What is required:
Quote all lines below exactly. Images stay out.

Information supplied:
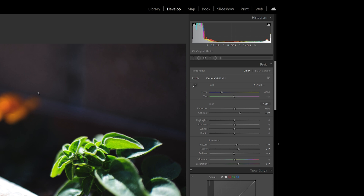It will not increase the pixel count whatsoever. It will just sharpen the image and perhaps adjust shadows and highlights to give you more of a high dynamic range feel. This is a nice feature, but you can actually achieve similar results yourself by adjusting the presence panel manually.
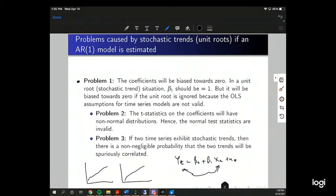Problems caused by stochastic trends: first, the coefficients will be biased toward zero if the unit root is ignored, because the OLS assumptions for time series models are not valid. Second, the t-statistics on the coefficients will have non-normal distributions, so we can't use normal inference. Additionally, if we're evaluating two time series that are both trending upwards and we correlate them, we most likely get spurious correlation.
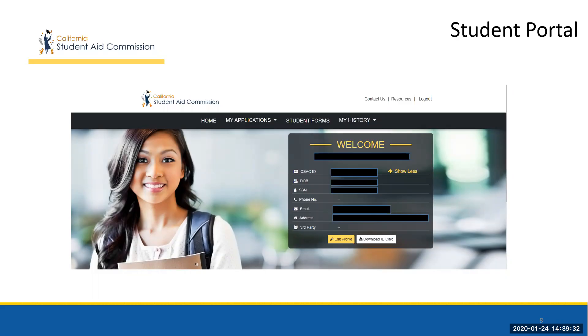A brand new feature is the ability for students to print a CSAC ID card, which they may find helpful when contacting CSAC or visiting the Financial Aid Office at their college.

Final answer:
It will not increase the pixel count whatsoever. It will just sharpen the image and perhaps adjust shadows and highlights to give you more of a high dynamic range feel. This is a nice feature, but you can actually achieve similar results yourself by adjusting the presence panel manually.
Problems caused by stochastic trends: first, the coefficients will be biased toward zero if the unit root is ignored, because the OLS assumptions for time series models are not valid. Second, the t-statistics on the coefficients will have non-normal distributions, so we can't use normal inference. Additionally, if we're evaluating two time series that are both trending upwards and we correlate them, we most likely get spurious correlation.
A brand new feature is the ability for students to print a CSAC ID card, which they may find helpful when contacting CSAC or visiting the Financial Aid Office at their college.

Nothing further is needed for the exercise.